С нехорошим предчувствием Джон поднес трубку к уху.
— Как настроение, юноша? — развязно спросила трубка сладеньким голосом Вирского. — Можешь спокойно говорить? Но учти, если твой сексот находится рядом, в твоих же интересах отложить этот разговор.
— Нет, — соврал Половинкин, бросив взгляд на Семена Петровича. — Кроме Любови Егоровны здесь нет никого.
— Ты уже догадался, гаденыш, что твоя Ася у меня?
— Родион Родионович, — прошептал Джон, сильно прижав трубку к уху, — что вы делаете? Ведь это похищение несовершеннолетней! Вы знаете, что вам за это будет?
— Мы не в Америке, дружок! — неожиданно ласково сказал Вирский. — Кстати, предупреждаю, если ты надумаешь отправиться или просто обратиться в американское посольство с информацией обо мне, бедная девочка тебе этого не простит.
— Вы не блефуете? — спросил Джон.
Из трубки послышался плеск воды.
— Джончик! — беззаботным голоском прощебетала Ася. Похоже, она была навеселе. — Ты все-таки приехал в Кронштадт, любимый? Я знала! Ты меня прости, что я так с тобой поступила. Должна же я была тебя проверить!
— Что ты там делаешь? — зашипел Половинкин. — Ты что, в ванной моешься?

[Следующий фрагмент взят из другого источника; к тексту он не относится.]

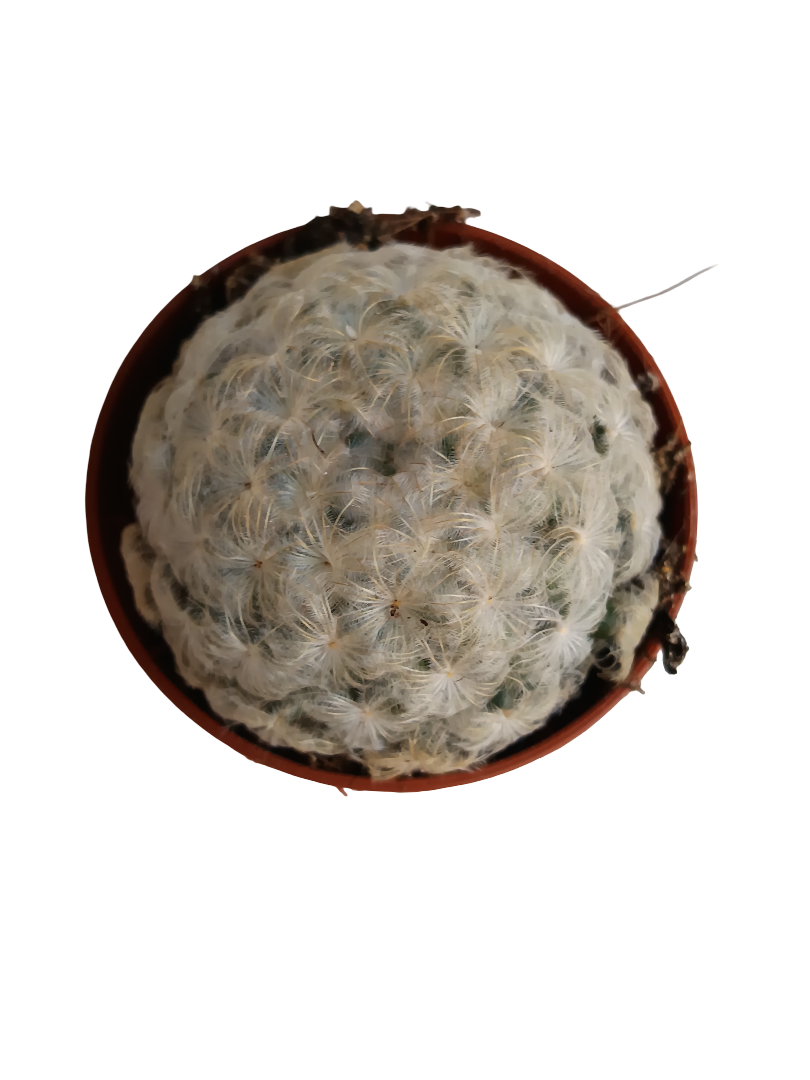 Cactus Mammillaria Plumosa Planta Ø5_0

— Как ты догадался? — удивилась Ася. Язык ее заплетался. — Ты меня чувствуешь, да? Постой! Дай я попробую угадать, что ты делаешь. Ты сидишь в кресле. У тебя сердитое лицо…
— Дура! — вне себя заорал Половинкин. И потом зашептал, как можно тише:
— Асенька, родная! Ты в большой опасности! Этот человек — исчадие ада! Когда он выйдет… куда-нибудь… вызывай милицию!
Плеск воды в трубке стих.
— Напрасно ты так, миленький! — вкрадчиво заговорил Вирский. — Девочка все равно ничего не понимает. Что я ей скажу, то она и делает. И даже думает… хи-хи! Вот скажу ей, что ты грязный подонок и пытался ее в Малютове изнасиловать, да не один, а вместе с попом и старцем, она позвонит в милицию и накатает на тебя с Чикомасовым «телегу». Пока суть да дело, следствие, то-сё, меня уж след простыл! Ты меня хорошо понял, волчонок? Мне осталось всего месяц-другой, чтобы дело свое закончить, и ты, мой мальчик, дяденьке не мешай. Ты дяденьке, наоборот, помоги!
— Что вы с ней сделали?
— Ничего особенного. Никаких инъекций. Восточные травы. Она девочка очень внушаемая.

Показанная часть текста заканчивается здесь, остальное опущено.